Al verme desenfundar el portátil, Alex se quitó sus auriculares y llamó mi atención: «Oye, ¿quieres usar Internet? Yo acabo de pagar la conexión para mandar un e-mail y todavía nos queda una hora de vuelo, así que si la quieres, es tuya».
Algo estupefacto, le pedí que me repitiera la pregunta, pues no estaba muy seguro de lo que acababa de oír.
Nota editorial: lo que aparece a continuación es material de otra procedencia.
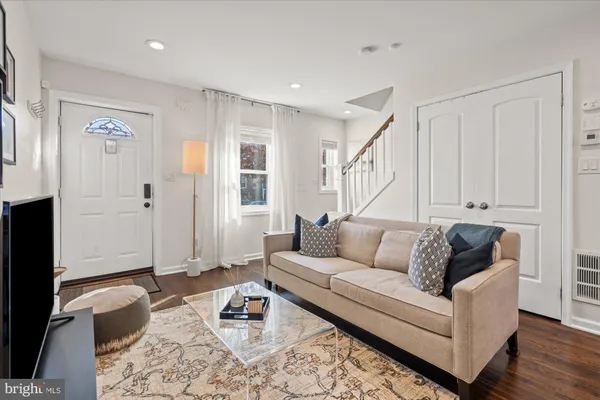 a living room with furniture and wooden floor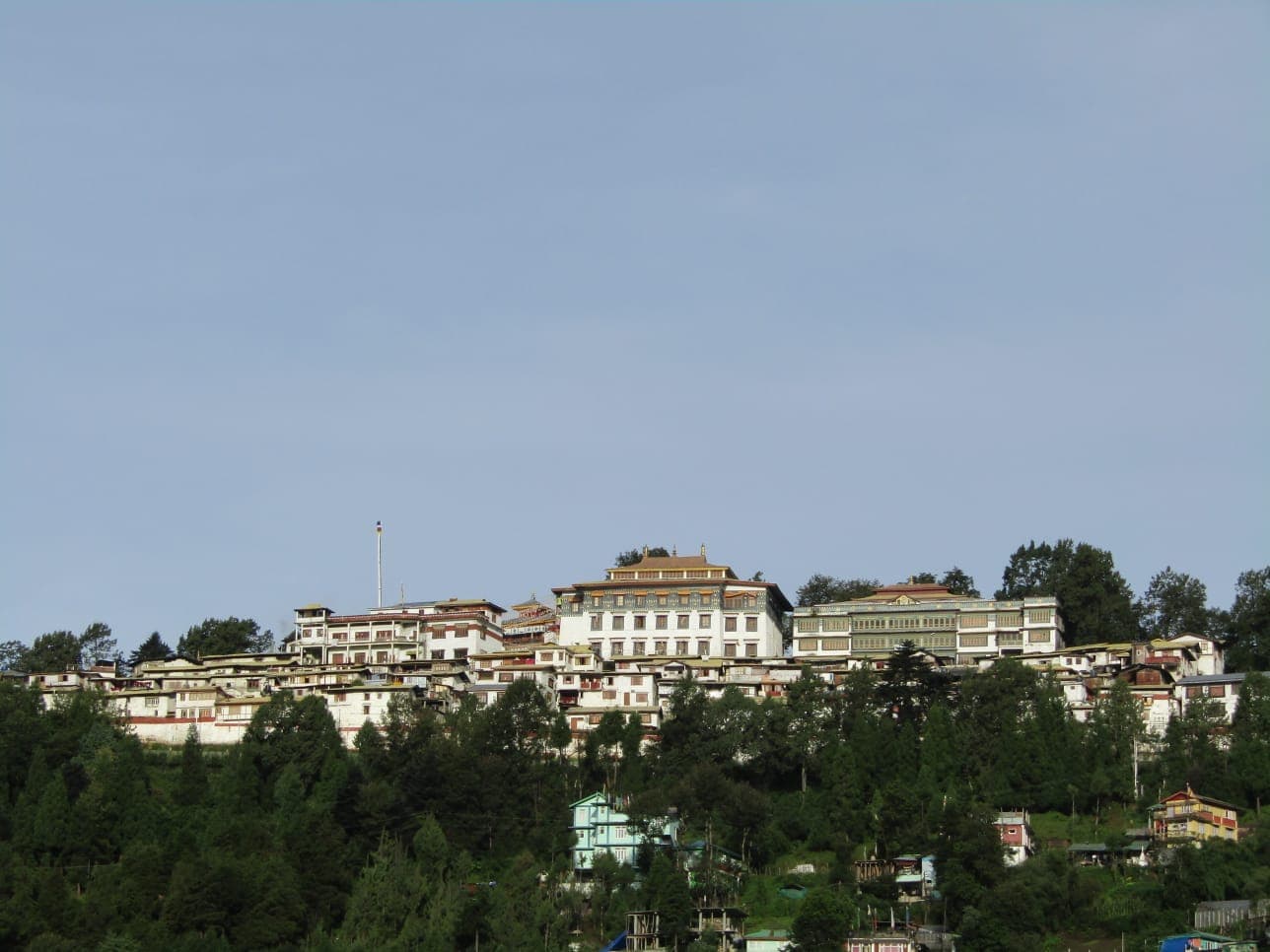 Large monastery complex overlooking a wooded hillside
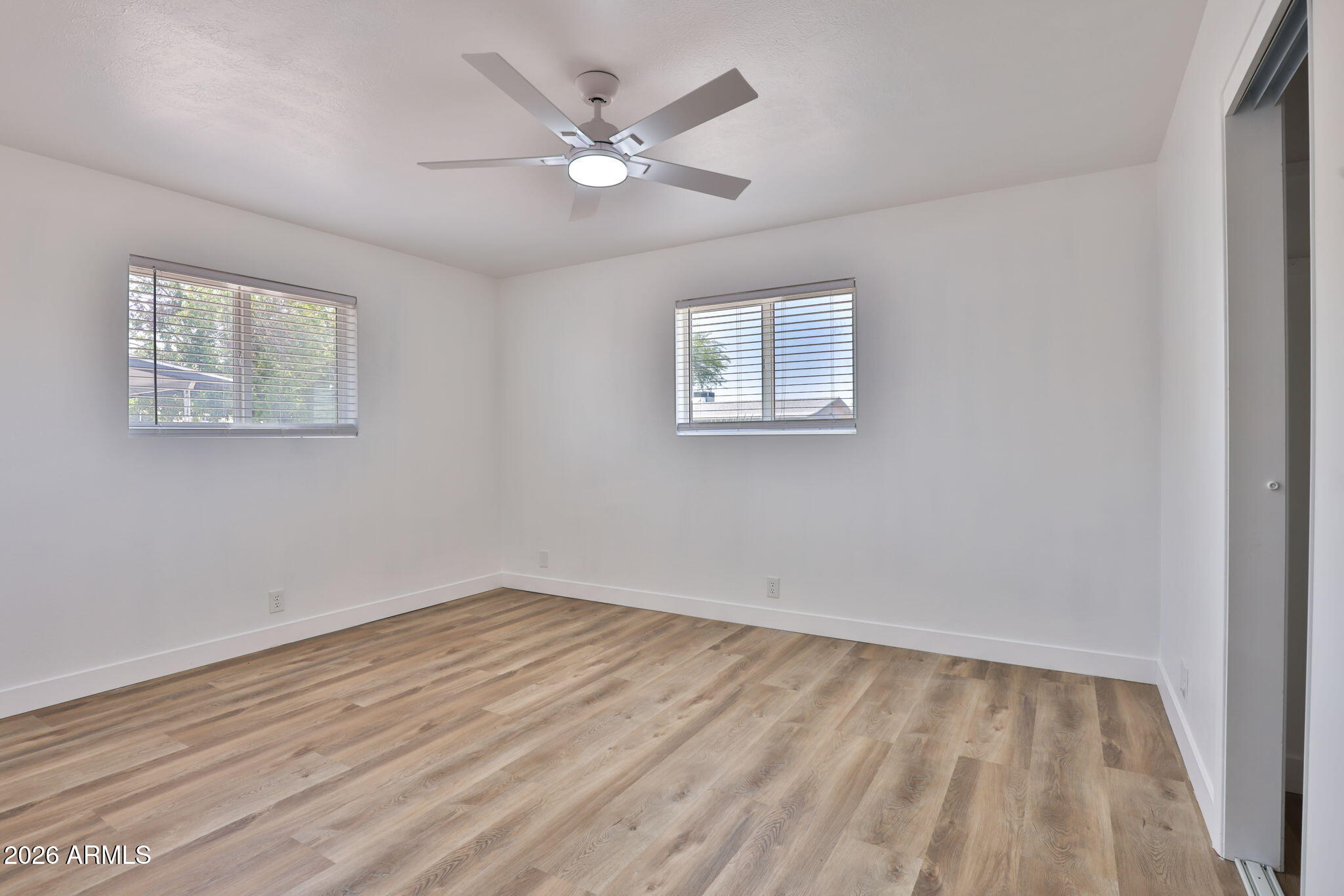 5510 East Dallas Street Mesa, AZ 85205 - Photo 13 of 24 a view of a room with wooden floor and window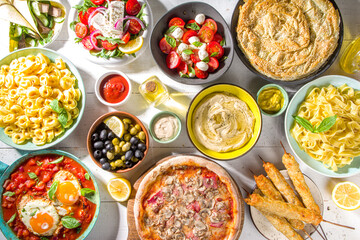 Set of different Mediterranean foods: olives, mozzarella and tomato salad, Greek salad, pasta,...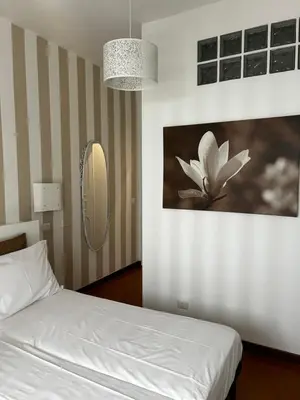 a bedroom with a white bed and a mirror at Appartamento San Pietro Alla Cupola in Rome
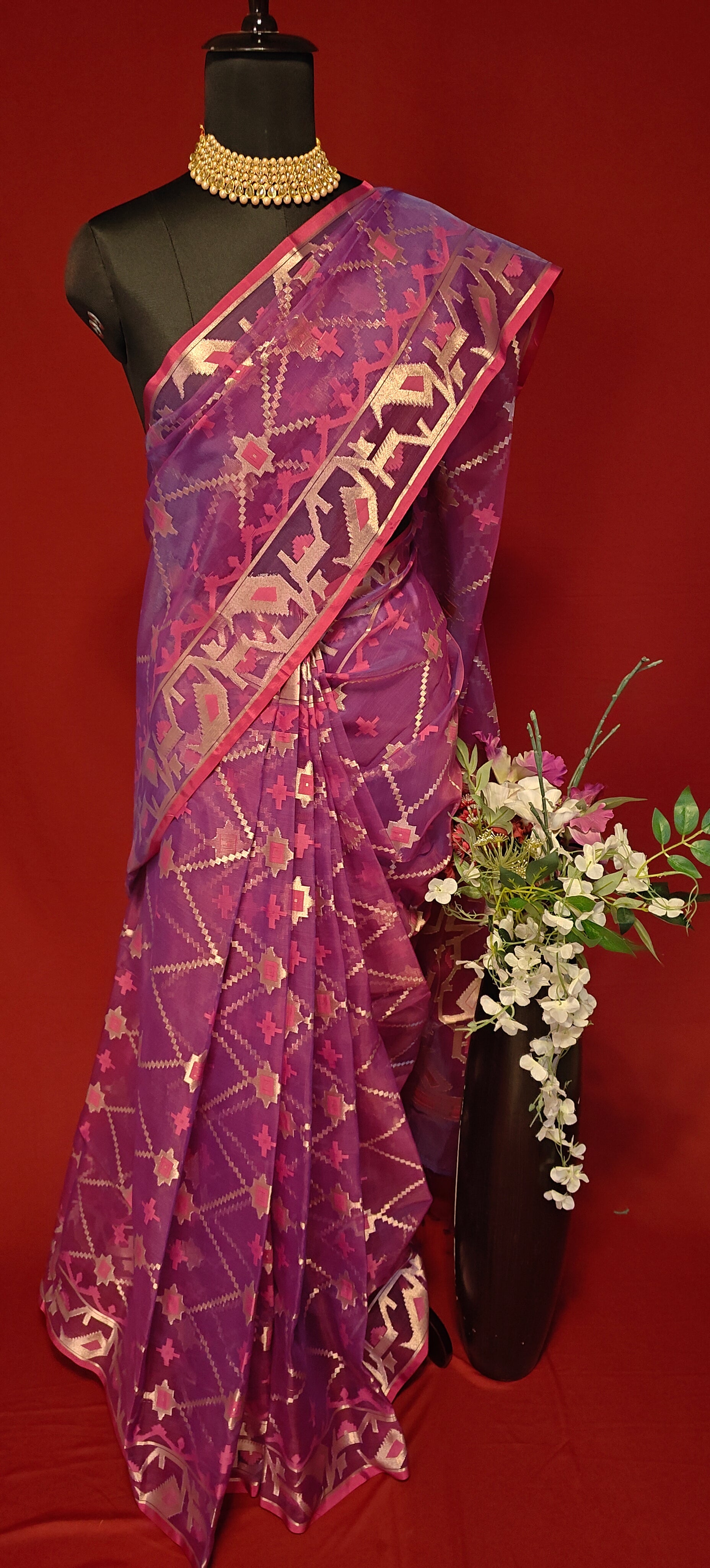 Purple muslin silk saree with Jamdani weave and golden motifs, styled on mannequin with a flower vase against a red background.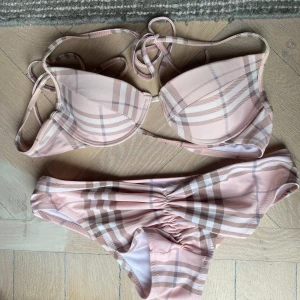 Burberry bikini rosa S - Äkta vintage burberry bikini i ljusrosa och beige i klassiska mönstret. Toppen är storlek S och känns som en S. Nederdelen är i storlek XL men passar mig som är S. Jag har sytt dit scrunchen för att den ska sitta snyggare där bak. 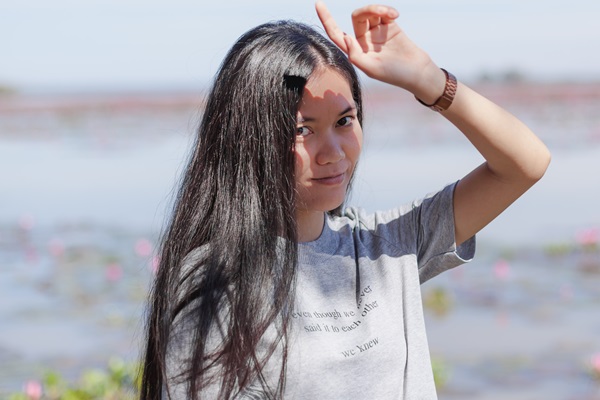 Caída del cabello - Mujer con cabello negro y sedoso levanta su mano para protegerse del sol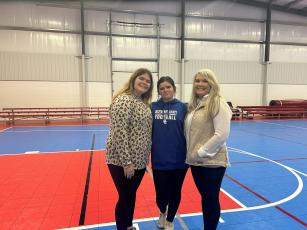  [Photo by Micahya Costen]  Montana Barner (from left), her sister Carolyn Barner and Tina White volunteered at the Great Spring Sport Equipment Swap last Saturday. White said she plans to hold other swaps in various sports seasons. 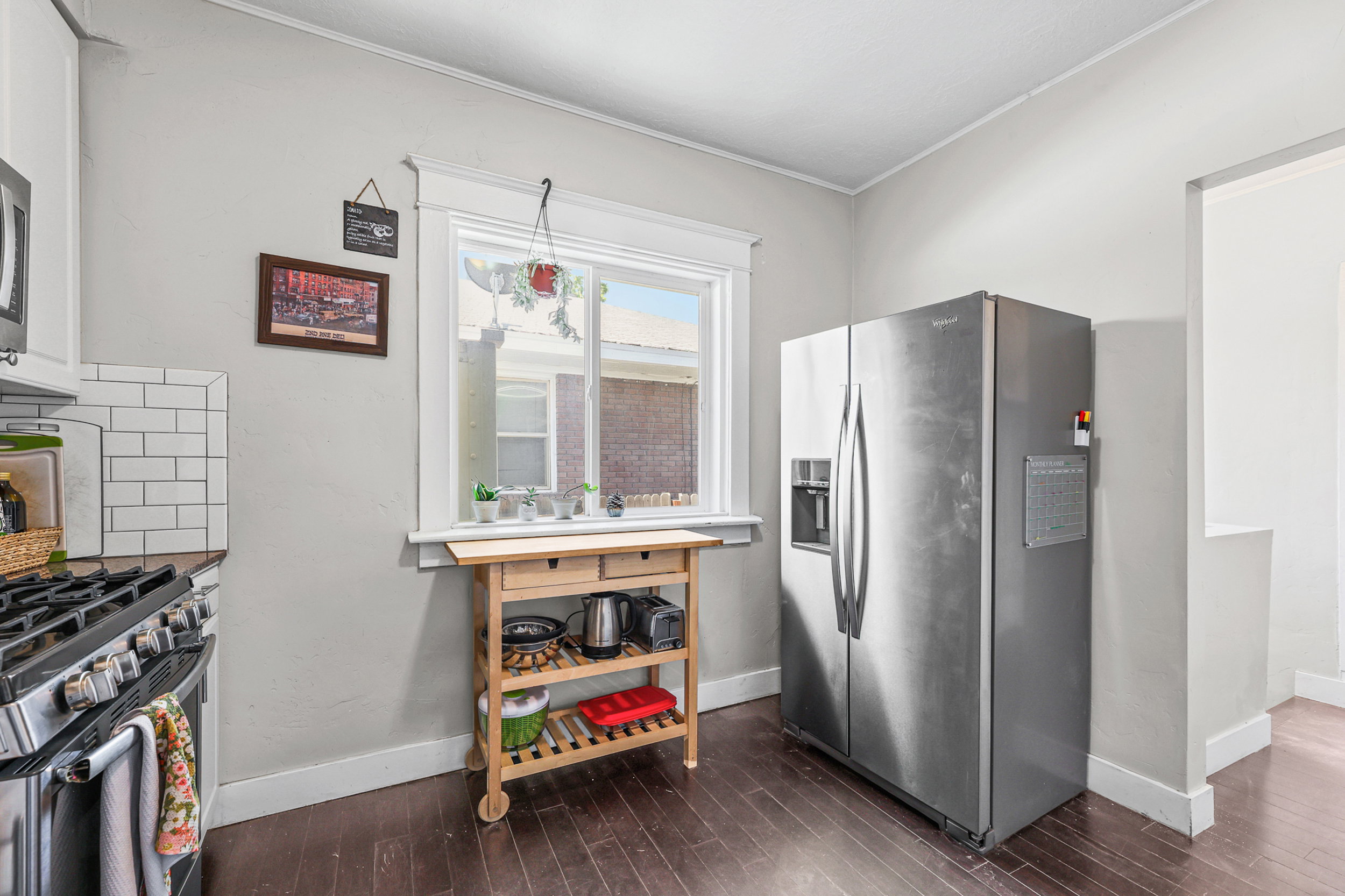 Kitchen featuring wood-finish flooring, white subway tile backsplash, and a stainless steel range with overhead microwave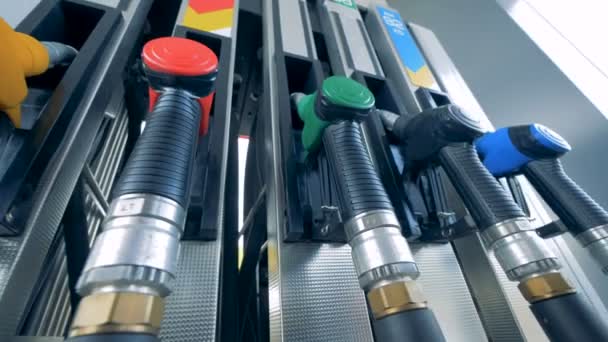 One man uses a fuelling equipment at a gas station, taking a nozzle. 4K. — Stock Video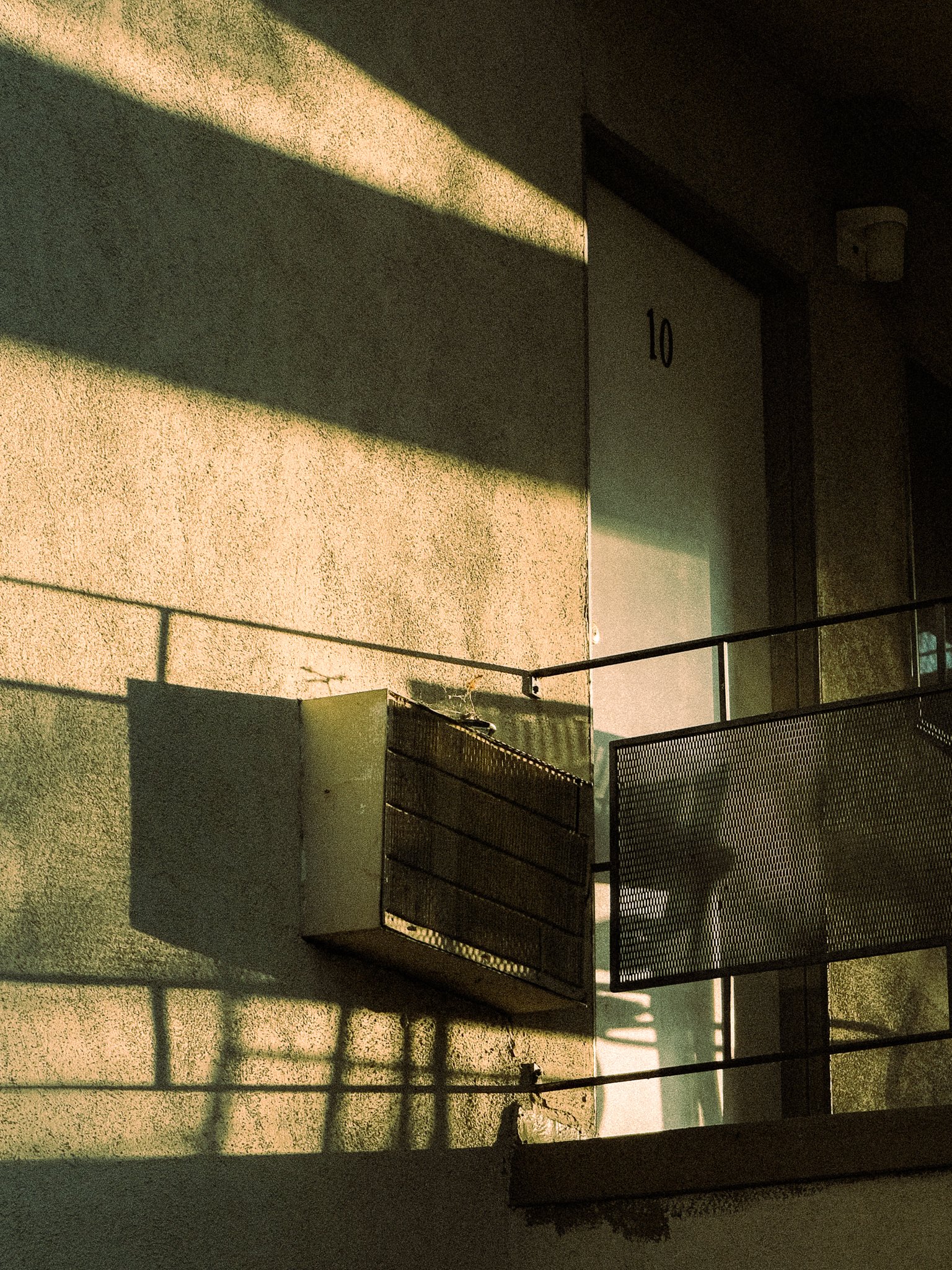 Sunlight casts shadows on a beige wall with a door numbered 10, and a metal grille or vent nearby.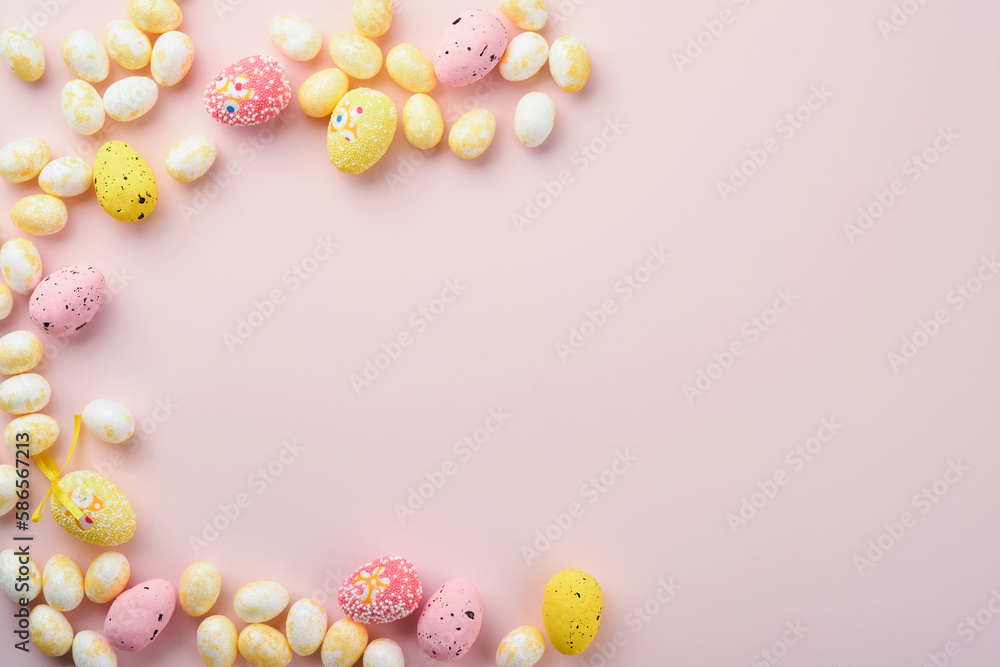 Happy Easter. Easter eggs and white rabbit decoration isolated on trendy pastel pink background with white and yellow roses. Spring Happy Easter holiday card and mock up background. Top view flat lay. Happy Easter. Easter eggs and white rabbit decoration isolated on trendy pastel pink background with white and yellow roses. Spring Happy Easter holiday card and mock up background. Top view flat lay.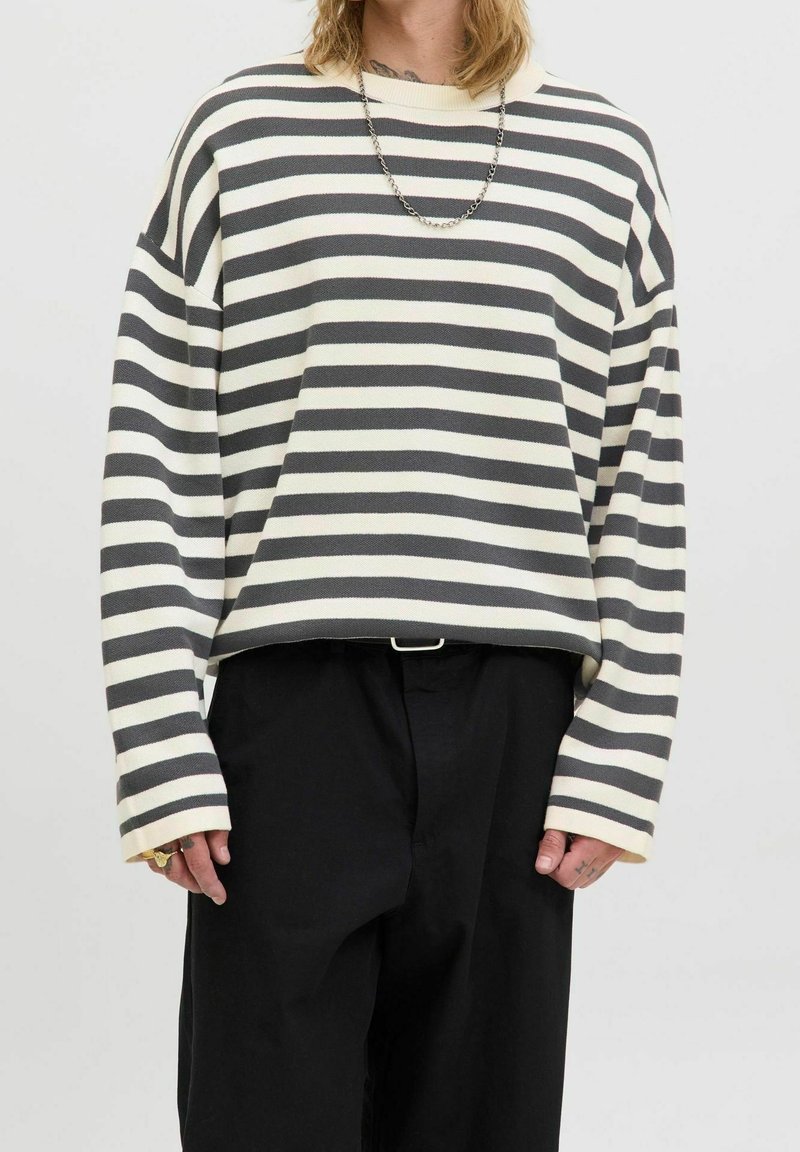 Personne portant un t-shirt à manches longues rayé horizontalement noir et blanc, un pantalon noir, un collier chaîne en argent et des bagues aux doigts.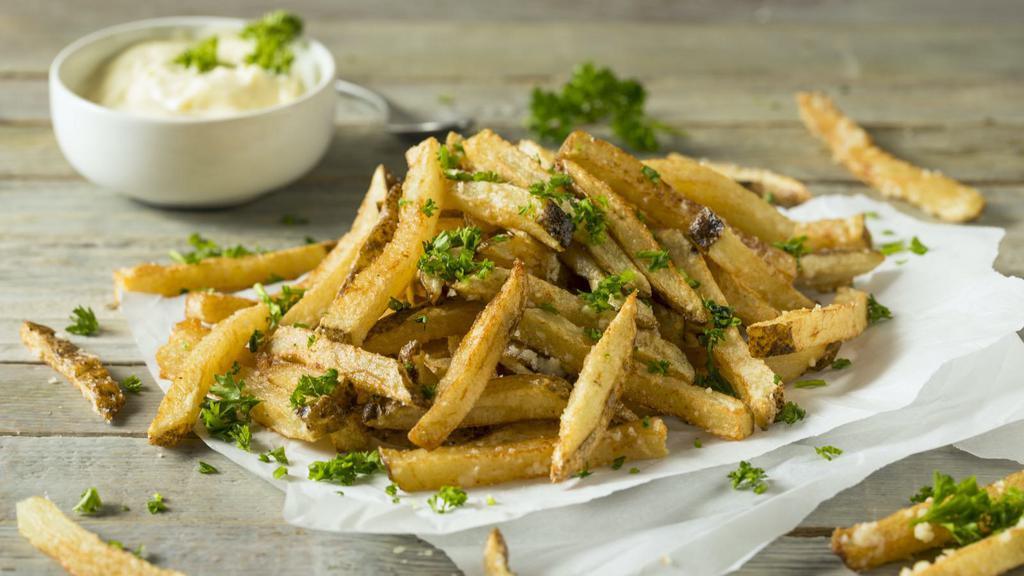 Truffle Parmesan Fries · Exquisite truffle parmesan cheese topped on fresh hand cut potatoes.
No entraba en mis esquemas que un perfecto desconocido me ofreciera, así, por la cara, una conexión a Internet por la que acababa de desembolsar unos cuantos dólares.
«Sí, que si quieres usar Internet, te doy mi nombre de usuario y mi contraseña con mucho gusto». Ahora, mi reacción ya no era de sorpresa, sino de desconfianza. «¿Habrá gato encerrado? ¿Por qué me querrá dar gratis la conexión? ¿Será un hacker que quiere tomar posesión de mi ordenador y borrarme el disco duro?», fueron algunas de las preguntas que me cruzaron la cabeza antes de aceptar el ofrecimiento. ¿Por qué hemos llegado a un punto en el que nos cuesta creer que haya gente buena por el mundo?
«Sí, claro. Muchas gracias. ¿Estás seguro de que me quieres dejar tu clave?», volví a insistir.
«Sí, hombre, ningún problema», contestó.
Así que se me acercó y, como no teníamos bolígrafo para anotar (cosas que pasan en la era digital), le tendí mi teléfono móvil y me escribió la contraseña (sí, ya sé, soy un geek/friki).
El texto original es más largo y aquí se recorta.